Die Fläche oben links ist also der Top-Quadrant jeder Website. Nach dem Aufrufen der Seite schauen die Nutzer auf diese heiße Zone, vor allem, um sich rasch zu orientieren. Das Firmenlogo, der Firmenname und Teile der Hauptnavigation gehören deshalb als visuelle Anker immer in diese Fläche. Neuankömmlingen auf einer Site wird auf diese Weise in Sekundenbruchteilen unzweifelhaft mitgeteilt, wo sie sich jetzt befinden und wie sie navigieren können. Abweichungen von diesem Standard sind zwar nicht von vornherein unsinnig, aber es sollte schon klar sein, dass sie in jedem Fall kostbare Zeit verbrauchen. Auf der anderen Seite: Wenn gezielte Abweichungen positiv überraschen, kann natürlich auch ein aufmerksamkeitssteigender Effekt eintreten.

Die beiden im Folgenden beschriebenen Automobil-Websites finden sich als Screenshots auf der folgenden Doppelseite.


Abb. 30:Blickverlauf in der Scan-Phase auf informierenden Websites. Links oben ist die wichtigste Blickkontakt-Zone für den Bindungsaufbau. Quelle: Poynter Institute.

Die Website von BMW zum Beispiel ist im Screenlayout seit Jahren strukturell nur moderat verändert worden, wie die Abbildungen 31 bis 33 zeigen.

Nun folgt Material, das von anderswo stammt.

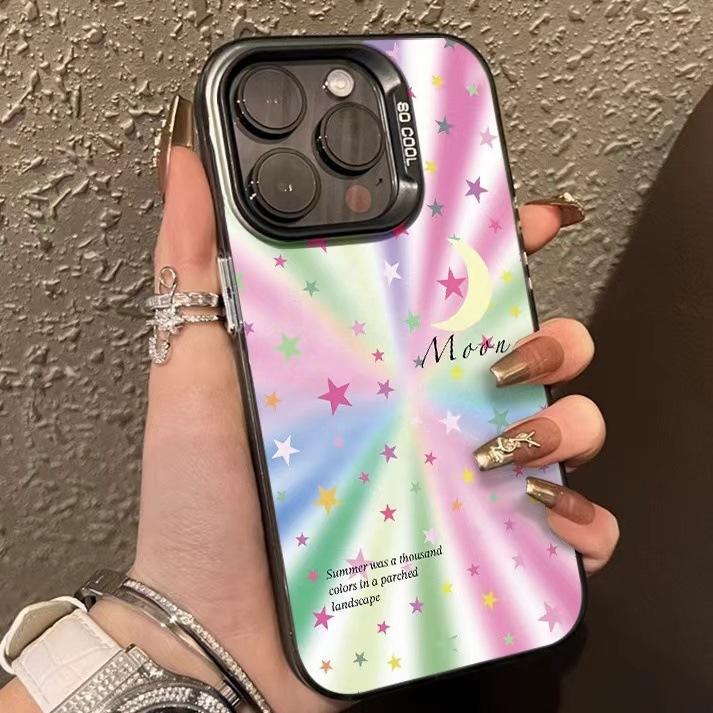 Colorful Stars Suitable for 15plus European and American 16promax Apple Phone Case IPhone 14 Hard Shell 13 Creativity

Der zentrale Eye-Catcher ist das BMW-Foto im Seitenzentrum, auch der Schriftzug BMW Deutschland steht im Top-Quadranten. Das Logo ist rechts oben platziert und damit an eher ungewohnter Position außerhalb des Top-Quadranten. 2010 ist das kaum anders: Der Auftritt ist visuell noch stärker auf das Produkt Automobil fokussiert. Der Aufmacher ist ein schnell ladendes Video, die Videoszenen sind so gefilmt und geschnitten, dass der Wagen in drei von vier Szenen zum Schriftzug »Freude ist grenzenlos« fährt. Das Firmenlogo ist also nach wie vor visuell nachrangig platziert, das nichtssagende Key Visual mit Auto-Lichtern in einer Abendlandschaft weggefallen. Vorfahrt hat das Produkt BMW-Automobil. 2019 ist der Auftritt mobile-friendly umgesetzt und noch einmal deutlicher auf das Produkt fokussiert.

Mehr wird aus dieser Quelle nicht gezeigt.